### PROBLEM STATEMENT
Retype the following data exactly, but leave its pictures out.

### DATA SECTION
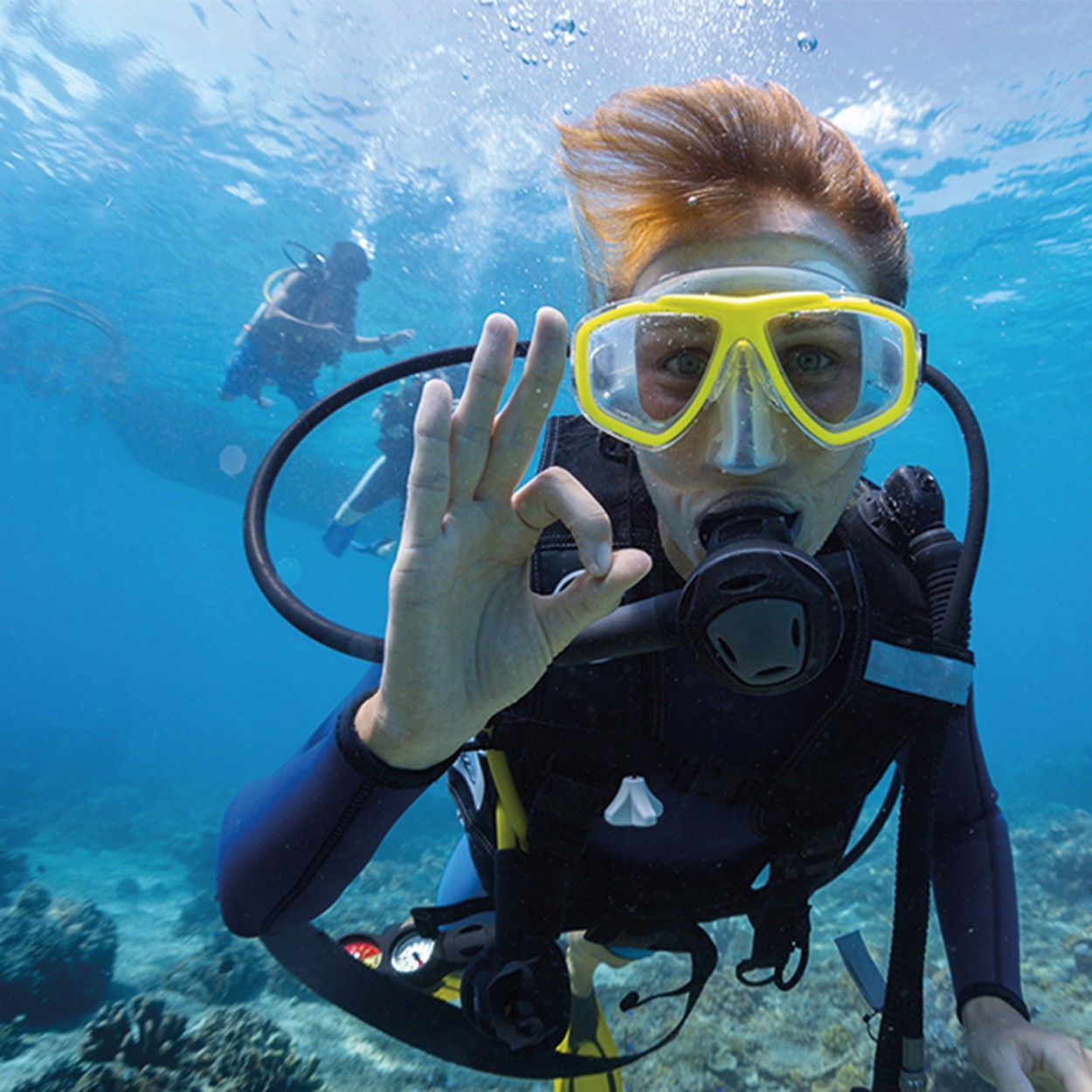 PACK ODISSEIAS VOAR SEM LIMITES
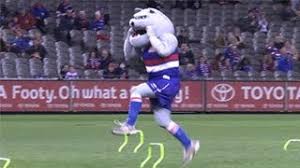 32 during home games, caesar has a reserved area at the footscray end (gate 7), where fans can come and give him a pat and have their photo taken. Mascot Race Woofer Vs Buddy Youtube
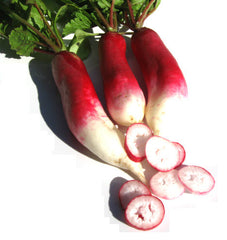 Radish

### RESULT FOR THIS TASK
 PACK ODISSEIAS VOAR SEM LIMITES
 32 during home games, caesar has a reserved area at the footscray end (gate 7), where fans can come and give him a pat and have their photo taken. Mascot Race Woofer Vs Buddy Youtube
 Radish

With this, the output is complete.